Since September, however, Federal Reserve Chairman Ben Bernanke has gone into overdrive to reverse the recession. The Fed cut short-term lending rates to zero. It’s doubled its balance sheet to $2 trillion by making loans across the economy. Bernanke announced a $1.2 trillion program in mid-March that’s designed to drive down mortgage rates, which now are below 5 percent for 30-year loans. That’s driving refinancings, which are putting fresh cash in homeowners’ hands and sparking home sales.

“There is a pattern here, and it is a positive one for a change,” investment analyst Ed Yardeni wrote last week. “It seems that economic activity fell so sharply from September through January … that some key economic indicators may be starting to bounce off their bottoms for this cycle.”

That’s why many analysts are beginning to suggest, even if in qualified tones, that perhaps the market’s headed up, with the economy to follow by fall.

“I think, frankly, we may have found a bottom for the stock market, although I think we don’t go straight up from here,” said David Wyss, the chief economist for rating agency Standard & Poor’s.

It will take the economy longer to recover. The next big test comes Friday, when the Labor Department reports unemployment data for March. Analysts forecast job losses of 540,000 to 700,000, but job numbers are always a lagging indicator. Unemployment will keep rising for months even after growth resumes, though the monthly totals should grow smaller as recovery takes hold.

In addition, weak corporate earnings reports could continue to weigh on stocks.

“For the consumer, you’ve got to decrease that (unemployment) number, and for the businesses, you’ve got to decrease that red ink,” said Ken Goldstein, a veteran economist with The Conference Board, a New York economic research group.

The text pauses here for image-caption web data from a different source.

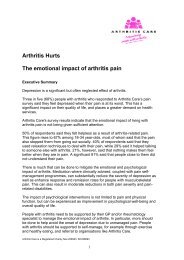 Arthritis Hurts The emotional impact of arthritis pain - Arthritis Care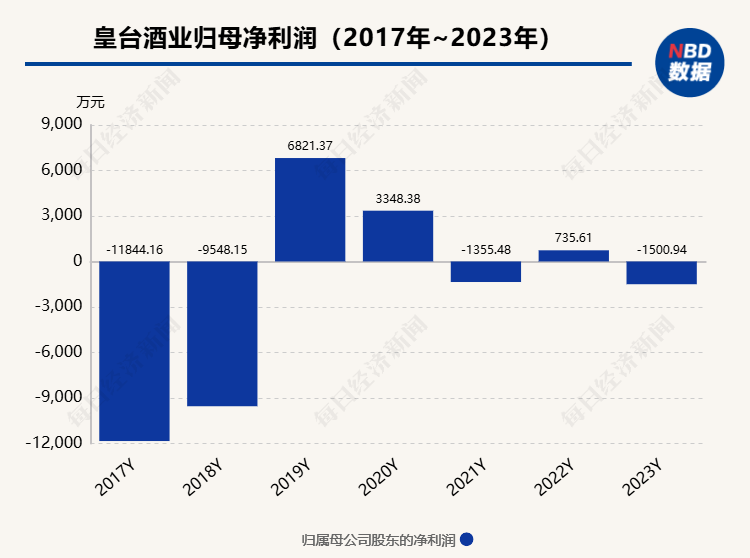 新澳门资料免费长期公开,2024,深入数据应用计划_pro84.859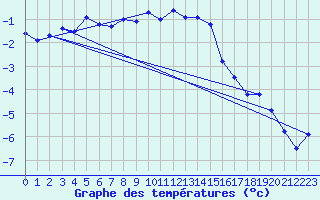 Courbe de tempratures pour Hveravellir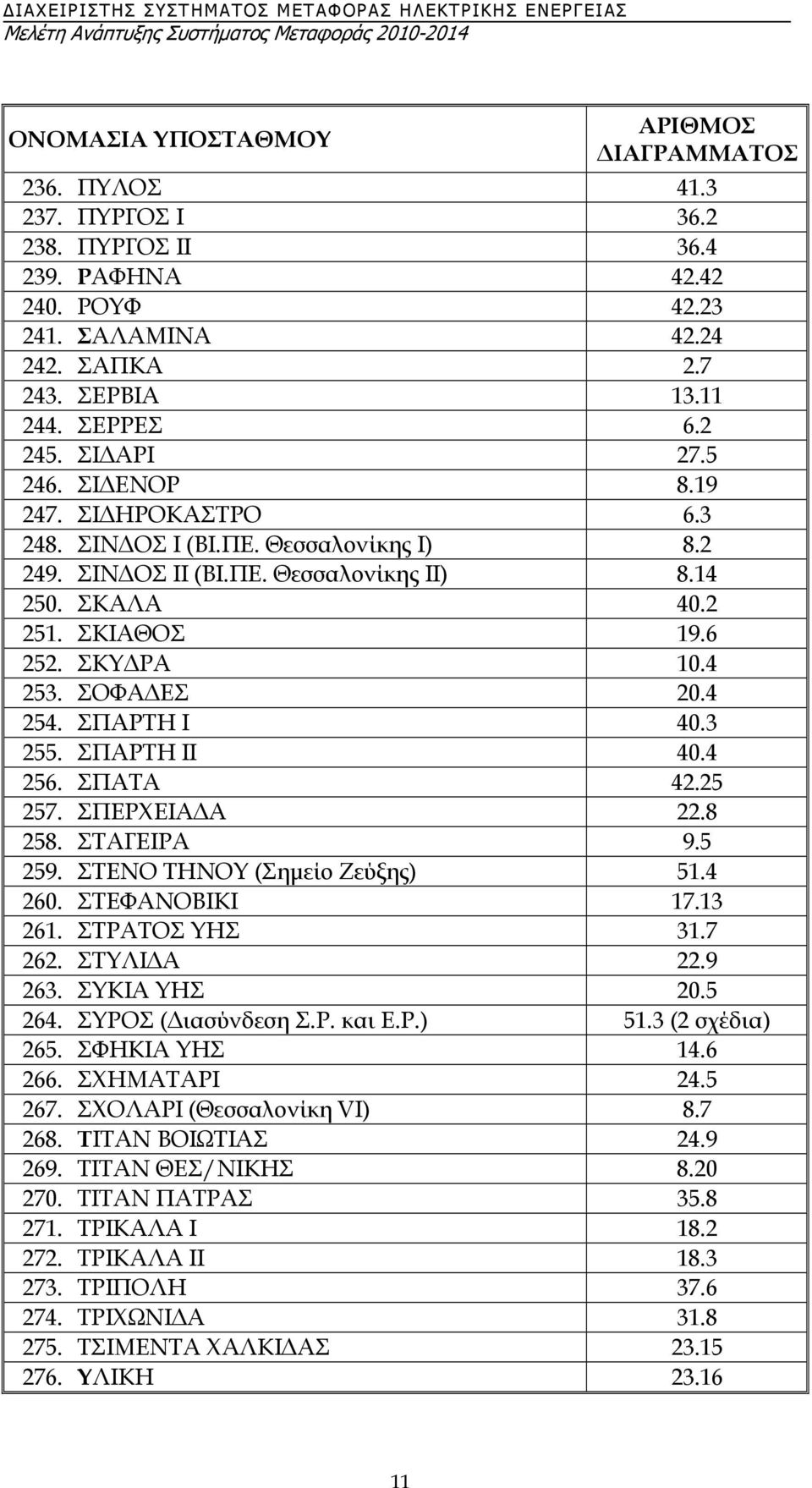 4 254. ΣΠΑΡΤΗ Ι 40.3 255. ΣΠΑΡΤΗ ΙΙ 40.4 256. ΣΠΑΤΑ 42.25 257. ΣΠΕΡΧΕΙΑ Α 22.8 258. ΣΤΑΓΕΙΡΑ 9.5 259. ΣΤΕΝΟ ΤΗΝΟΥ (Σηµείο Ζεύξης) 51.4 260. ΣΤΕΦΑΝΟΒΙΚΙ 17.13 261. ΣΤΡΑΤΟΣ ΥΗΣ 31.7 262. ΣΤΥΛΙ Α 22.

Goldstein has long argued that jobs are a huge driver of consumer confidence, and consumer spending drives two-thirds of U.S. economic activity. People who don’t have jobs or are worried that they’ll lose theirs spend less. Once employers stop shedding so many jobs and show some profits, confidence will return slowly.

“Are we still losing both jobs and profits at the same pace as we did in the fourth quarter (of 2008)? Probably by the second quarter” – which begins in April – “that is going to ease a bit, but we’re still going to be losing jobs right on through January of next year,” he said. “We’re still going to be in red ink through next January.”

Plenty can still go wrong, too. Many analysts, including billionaire investor George Soros, fear that defaults on commercial real estate loans may unleash a new wave of economic pain.

In short, analysts clearly differ on whether the glass is half empty or half full, but just weeks ago, all of them saw the glass as near empty.

“In terms of the economy, though, I think we’ve got another six months of recession. The groundhog is still seeing his shadow,” said Wyss, the Standard & Poor’s analyst, hopeful that a stock market bottom points to a recovering economy by October. “If you squint your eyes and look at the charts, we may have found a bottom there.”